==== Listed entries
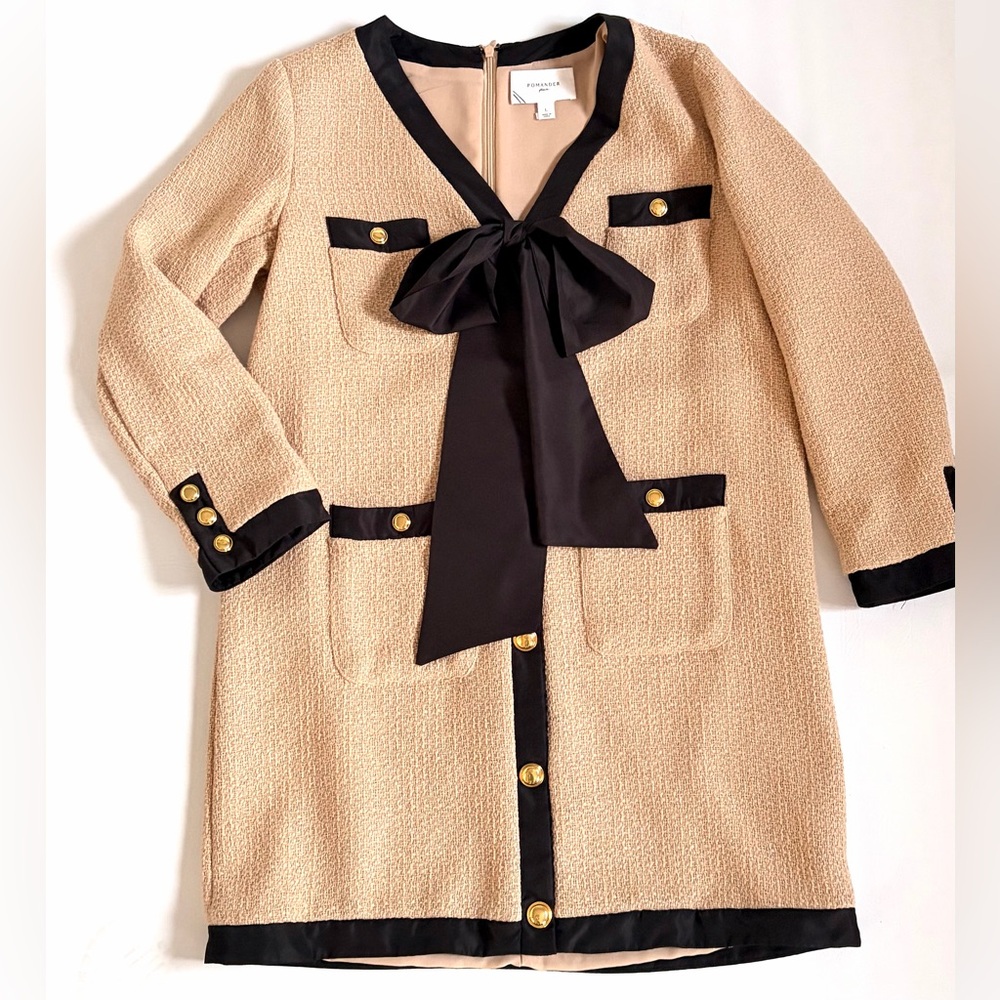 Tuckernuck Pomander Place Coco Tweed Mini Dress Beige size Large - Picture 10 of 16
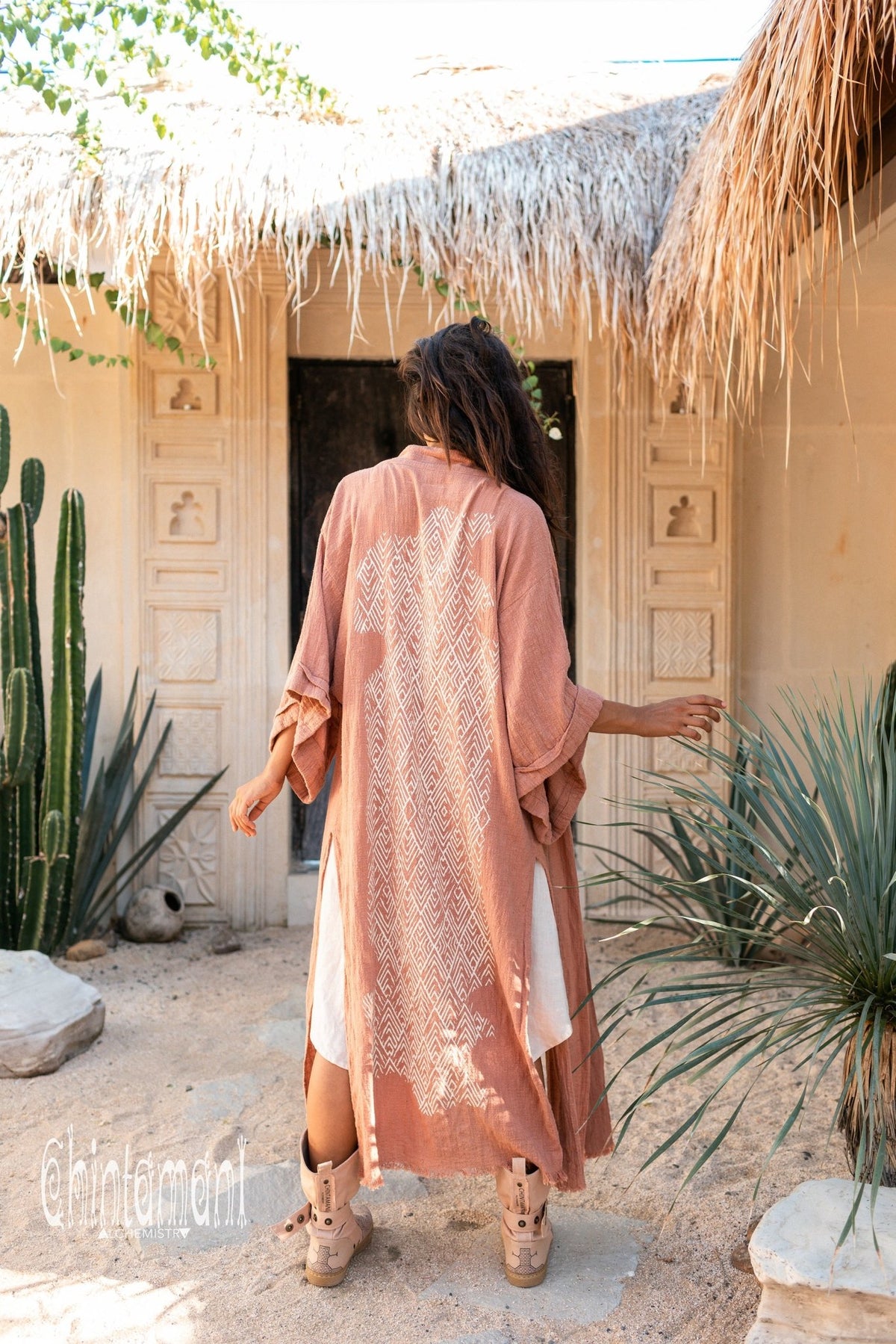 Raw Cotton Kimono Robe with Print / Dusty Pink - ChintamaniAlchemi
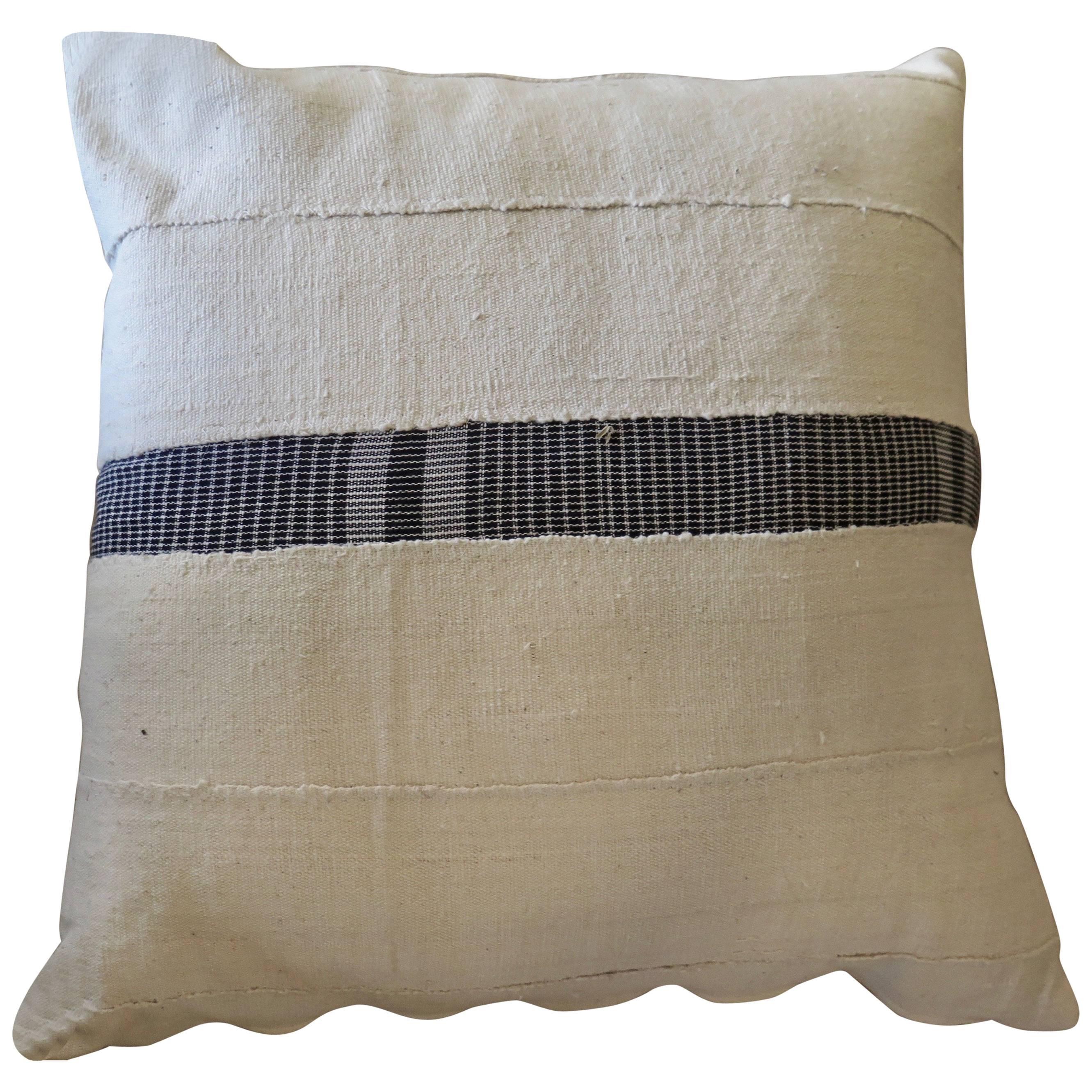 Vintage African Linen Pillows White with Blue Stripe by Haskell For Sale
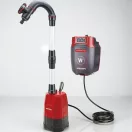 Akkumulátoros búvárszivattyú, Worcraft CRWP-S20Li ShareSYS, piros/fekete, 20 V, 42 l/perc, vezeték nélküli, akkumulátor és töltő nélkül, tiszta vízhez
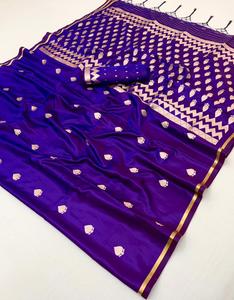 Elegantes y Ligeros Saris de Seda para Bodas y Fiestas - Tela de Lujo, Sin Arrugas, Fina, Reversible, de Secado Rápido, Moderna - Product Image 4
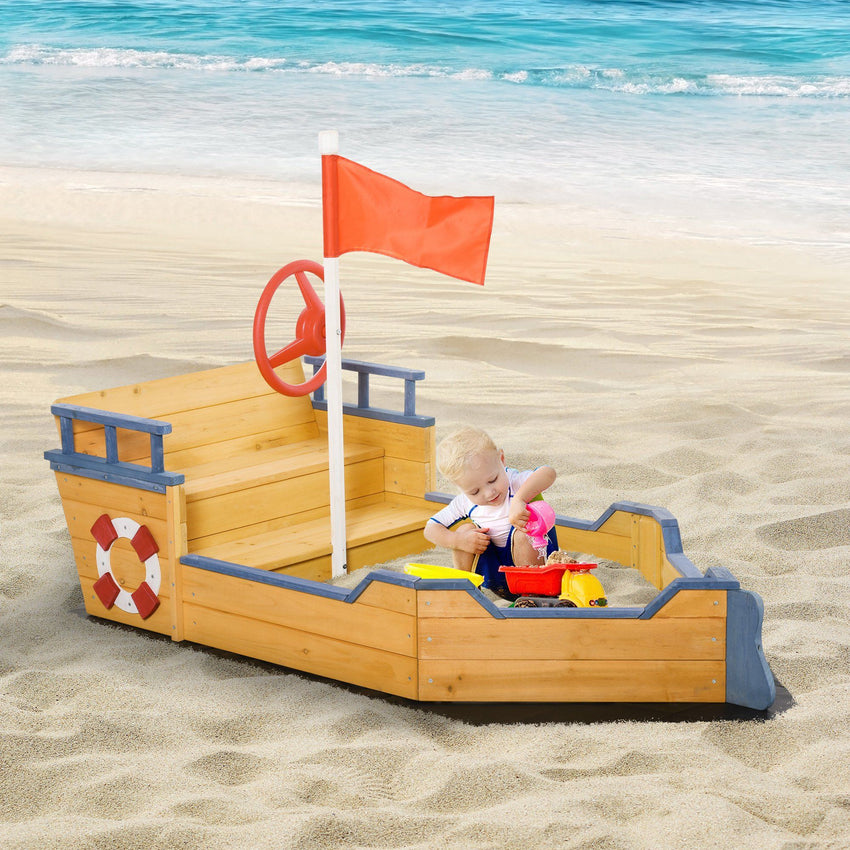 Cedar Wood Kids Sandbox, Pirate Ship Play Boat with Bench Seats and Storage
========
■ **Aim of the exercise**:
When printing the entries, leave out the images and keep everything else exact.

■ **Result for this task**:
 Tuckernuck Pomander Place Coco Tweed Mini Dress Beige size Large - Picture 10 of 16
 Raw Cotton Kimono Robe with Print / Dusty Pink - ChintamaniAlchemi
 Vintage African Linen Pillows White with Blue Stripe by Haskell For Sale
 Akkumulátoros búvárszivattyú, Worcraft CRWP-S20Li ShareSYS, piros/fekete, 20 V, 42 l/perc, vezeték nélküli, akkumulátor és töltő nélkül, tiszta vízhez
 Elegantes y Ligeros Saris de Seda para Bodas y Fiestas - Tela de Lujo, Sin Arrugas, Fina, Reversible, de Secado Rápido, Moderna - Product Image 4
 Cedar Wood Kids Sandbox, Pirate Ship Play Boat with Bench Seats and Storage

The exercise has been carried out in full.